7. When the cake is cool, cover the top lightly and chill the cake for at least 4 hours, although overnight would be better.
Serving: Remove the sides of the springform pan—I use a hairdryer to do this (use the dryer to warm the sides of the pan and ever so slightly melt the edges of the cake)—and set the cake, still on the pan's base, on a serving platter. The easiest way to cut cheesecake is to use a long, thin knife that has been run under hot water and lightly wiped. Keep warming the knife as you cut slices of the cake.
Storing: Wrapped well, the cake will keep for up to 1 week in the refrigerator or for up to 2 months in the freezer. It's best to defrost the still-wrapped cheesecake overnight in the refrigerator.
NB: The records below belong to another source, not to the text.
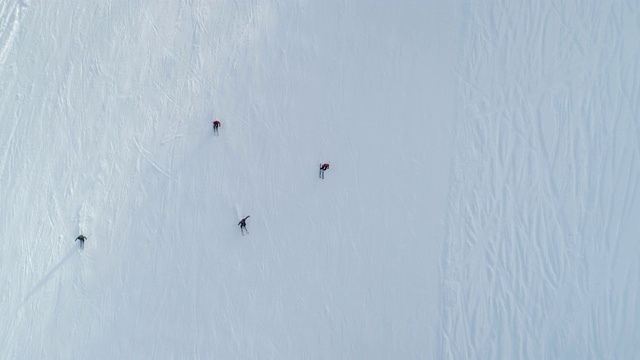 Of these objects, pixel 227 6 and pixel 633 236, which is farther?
pixel 227 6

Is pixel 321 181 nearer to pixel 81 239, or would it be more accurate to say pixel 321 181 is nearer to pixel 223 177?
pixel 223 177

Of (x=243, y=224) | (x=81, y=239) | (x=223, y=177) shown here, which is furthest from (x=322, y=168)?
(x=81, y=239)

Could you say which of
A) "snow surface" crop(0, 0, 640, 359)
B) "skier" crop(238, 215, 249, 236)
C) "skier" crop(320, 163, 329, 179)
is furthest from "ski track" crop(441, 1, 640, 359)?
"skier" crop(238, 215, 249, 236)

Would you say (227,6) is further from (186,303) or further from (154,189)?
(186,303)

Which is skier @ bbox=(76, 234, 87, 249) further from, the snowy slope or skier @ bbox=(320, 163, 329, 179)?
skier @ bbox=(320, 163, 329, 179)

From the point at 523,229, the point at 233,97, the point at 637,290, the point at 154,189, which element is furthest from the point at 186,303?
the point at 637,290

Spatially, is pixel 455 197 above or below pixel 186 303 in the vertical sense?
above
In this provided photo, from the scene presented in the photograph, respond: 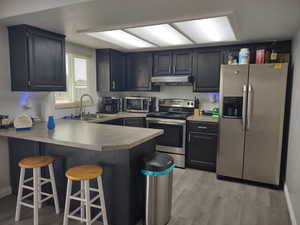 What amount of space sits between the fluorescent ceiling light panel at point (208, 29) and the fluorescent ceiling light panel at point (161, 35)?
0.44ft

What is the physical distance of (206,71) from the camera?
12.6ft

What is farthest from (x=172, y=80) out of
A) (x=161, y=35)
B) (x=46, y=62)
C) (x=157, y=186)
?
(x=157, y=186)

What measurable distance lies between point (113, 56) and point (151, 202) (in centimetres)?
305

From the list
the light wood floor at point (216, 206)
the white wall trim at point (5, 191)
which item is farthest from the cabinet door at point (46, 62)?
the light wood floor at point (216, 206)

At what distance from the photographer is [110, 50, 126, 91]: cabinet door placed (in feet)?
13.8

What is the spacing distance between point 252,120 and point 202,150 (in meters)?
1.00

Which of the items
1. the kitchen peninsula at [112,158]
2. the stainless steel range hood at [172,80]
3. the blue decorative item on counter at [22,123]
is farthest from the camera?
the stainless steel range hood at [172,80]

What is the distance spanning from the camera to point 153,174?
2.01 metres

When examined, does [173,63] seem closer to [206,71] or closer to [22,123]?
[206,71]

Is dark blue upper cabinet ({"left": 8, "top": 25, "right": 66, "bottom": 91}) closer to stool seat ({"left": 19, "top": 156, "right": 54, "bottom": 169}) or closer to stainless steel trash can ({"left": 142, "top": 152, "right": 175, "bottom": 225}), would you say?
stool seat ({"left": 19, "top": 156, "right": 54, "bottom": 169})

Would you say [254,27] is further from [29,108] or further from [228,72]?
[29,108]

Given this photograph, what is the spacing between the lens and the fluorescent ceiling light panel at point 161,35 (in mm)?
2637

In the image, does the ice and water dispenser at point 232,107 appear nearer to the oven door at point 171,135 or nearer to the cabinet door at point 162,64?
the oven door at point 171,135

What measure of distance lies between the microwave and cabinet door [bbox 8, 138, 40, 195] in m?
2.30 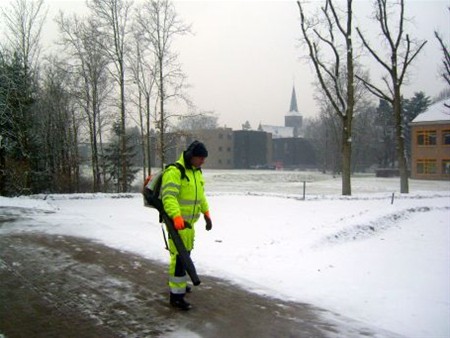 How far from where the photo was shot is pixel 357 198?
24.2 m

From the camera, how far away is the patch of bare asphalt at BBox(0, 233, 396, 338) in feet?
16.0

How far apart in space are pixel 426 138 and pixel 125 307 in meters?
59.4

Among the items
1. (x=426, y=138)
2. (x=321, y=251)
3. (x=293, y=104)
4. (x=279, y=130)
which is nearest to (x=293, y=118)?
(x=293, y=104)

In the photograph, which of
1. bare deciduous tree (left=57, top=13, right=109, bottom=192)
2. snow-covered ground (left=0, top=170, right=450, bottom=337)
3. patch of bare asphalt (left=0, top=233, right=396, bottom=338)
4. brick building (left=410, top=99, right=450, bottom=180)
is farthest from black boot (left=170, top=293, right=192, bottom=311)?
brick building (left=410, top=99, right=450, bottom=180)

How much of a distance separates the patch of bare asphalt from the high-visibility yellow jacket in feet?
3.23

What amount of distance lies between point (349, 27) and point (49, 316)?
26.8 metres

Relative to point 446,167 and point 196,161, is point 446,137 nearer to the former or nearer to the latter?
point 446,167

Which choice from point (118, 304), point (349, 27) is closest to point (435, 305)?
point (118, 304)

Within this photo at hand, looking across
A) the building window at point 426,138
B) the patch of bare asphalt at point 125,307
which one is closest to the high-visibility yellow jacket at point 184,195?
the patch of bare asphalt at point 125,307

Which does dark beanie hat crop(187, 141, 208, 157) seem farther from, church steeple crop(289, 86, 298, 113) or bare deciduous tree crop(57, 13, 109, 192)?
church steeple crop(289, 86, 298, 113)

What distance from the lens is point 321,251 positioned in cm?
988

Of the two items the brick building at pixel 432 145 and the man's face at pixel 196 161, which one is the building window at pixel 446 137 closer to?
the brick building at pixel 432 145

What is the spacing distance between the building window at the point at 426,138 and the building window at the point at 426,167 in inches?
95.7

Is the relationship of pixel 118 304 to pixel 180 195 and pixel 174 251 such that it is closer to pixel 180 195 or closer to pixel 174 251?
pixel 174 251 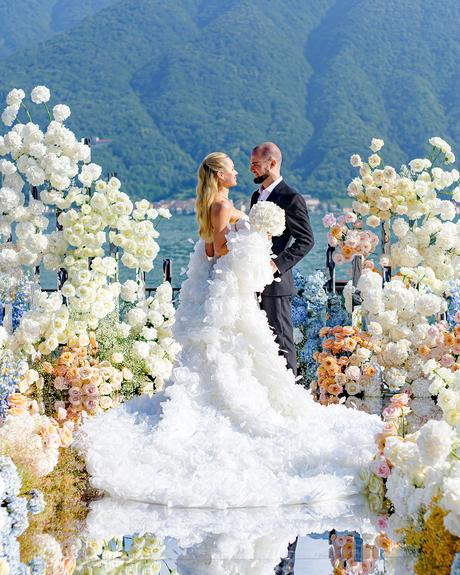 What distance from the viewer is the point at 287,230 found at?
6738mm

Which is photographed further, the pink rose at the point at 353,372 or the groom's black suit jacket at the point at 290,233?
the pink rose at the point at 353,372

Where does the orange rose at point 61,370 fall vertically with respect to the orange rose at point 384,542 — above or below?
above

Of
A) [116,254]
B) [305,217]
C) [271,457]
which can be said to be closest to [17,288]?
[116,254]

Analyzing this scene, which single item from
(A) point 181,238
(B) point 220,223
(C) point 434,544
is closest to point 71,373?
(B) point 220,223

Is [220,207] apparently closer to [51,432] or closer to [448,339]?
[51,432]

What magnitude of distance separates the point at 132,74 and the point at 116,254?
58866mm

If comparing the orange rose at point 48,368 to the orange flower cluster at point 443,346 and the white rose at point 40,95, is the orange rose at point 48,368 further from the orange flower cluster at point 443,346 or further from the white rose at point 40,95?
the orange flower cluster at point 443,346

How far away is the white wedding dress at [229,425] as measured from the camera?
5453 mm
The Food Librarian said...

Wow! This is awesome. M's mom and family are sooo lucky to have you as a friend!

Anamika:The Sugarcrafter said...

Dear Linda
This is my first browse of your blog and the posts. You have a wonderful blog and the posts are very informative and has a beautiful visual impact. I loved being here. Greetings to you from Botswana !

Grace said...

oh heavens. that last picture with the golden crust and creamy cake and gorgeous berries has rendered me useless for the rest of the day. bravo! :)

Anonymous said...

I am the VERY fortunate M who was the recepient of the cheese cake and chocolate cake. My family does not really get into desserts however this was a major exception. First of all, my Mom felt so special to have a cake made especially for her. It was truly a hit. As we had guests come in from out of town for the party they all took me aside and asked if they could just take a piece home with them. My mom was on cheesecake patrol and wanted to keep it so that she had it for the rest of her stay.
Both were amazingly beautiful and even more delicious.

Carol Peterman said...

This cheesecake looks like a celebration! Great job decorating.

My Sweet & Saucy said...

Looks like a perfect dessert to me!

Jerry said...

I'll take a slice anytime!

SiHaN said...

food porn indeed. that looks divine. i swear i'm going to start licking the screen in a moment.

Jaime said...

that is so beautiful w/the berries on top!

ayankeeinasouthernkitchen said...

Wow, great photos and I so want a slice. Nothing like a good cheesecake and the berries make it even better!